The US Court of Appeals for the Third Circuit [official website] on Wednesday vacated [opinion, PDF] a lower federal court injunction that imposed county-based signature-gathering requirements that minor political parties in Pennsylvania must fulfill to get their candidates on the ballot.

This is the latest development in a case that has been in litigation since 2012 when the Constitution, Green and Libertarian [party websites] parties of Pennsylvania, collectively referred to as the “Aspiring Parties,” filed a § 1983 [text, PDF] suit against the Secretary of the Commonwealth of Pennsylvania and the Commissioner [official profiles] of the Pennsylvania Bureau of Commissions, Elections, and Legislation (the state), claiming that certain of Pennsylvania’s election laws violated their First and Fourteenth Amendment [GPO backgrounders, PDFs] rights.
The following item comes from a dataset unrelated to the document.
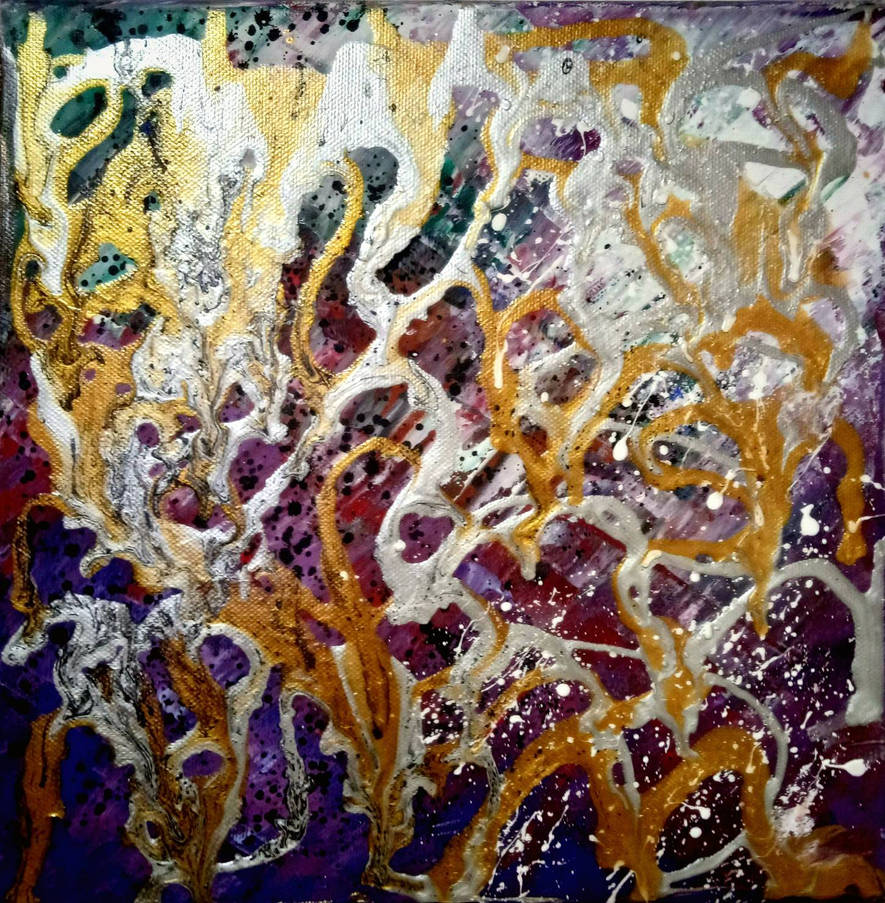 Deviantart Gold Pattern Gold Vibes by RossPaintings on DeviantArt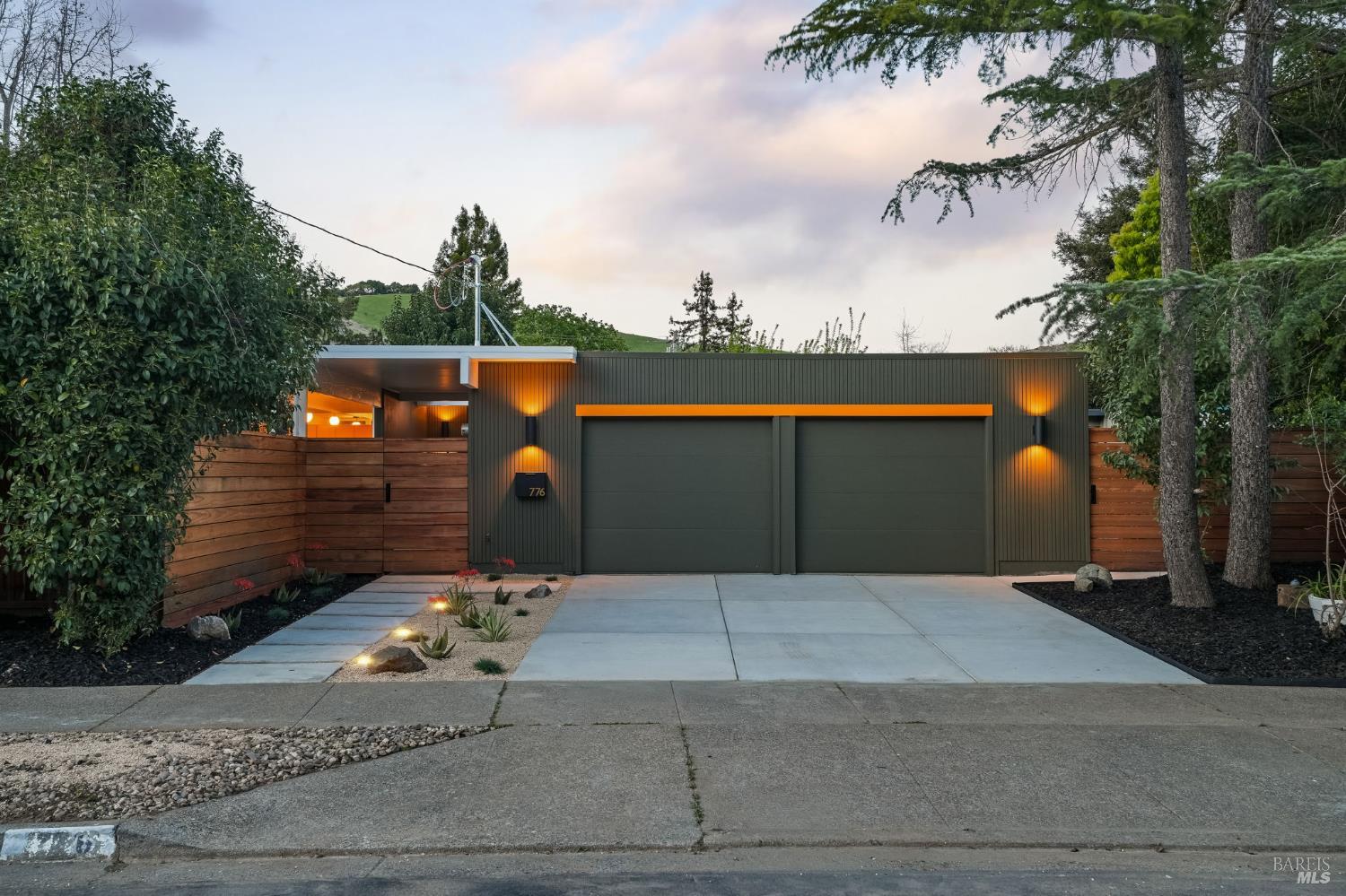 776 Montecillo Road San Rafael, CA 94903 - Photo 1 of 1 a view of a small garden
The US District Court for the Western District of Washington [official website] on Monday blocked [order, PDF] President Donald Trump’s transgender military ban.

US District Judge Marsha Pechman partially granted the preliminary injunction, finding the ban likely violates the plaintiffs’ constitutional rights to equal protection, substantive due process, and First Amendment protections.

The Trump administration on Monday appealed the US District Court for the District of Columbia [official website] order that denied [text, PDF] a request to delay the preliminary injunction blocking President Donald Trump’s transgender military ban, originally set to take effect January 1.
The US District Court for the District of Columbia [official website] on Monday denied [order, PDF] the government’s request to delay implementation of a preliminary injunction [JURIST report] halting portions of President Donald Trump‘s [official profile] transgender military ban.
The US Supreme Court [official website] on Friday granted certiorari [orders list, PDF] in seven cases.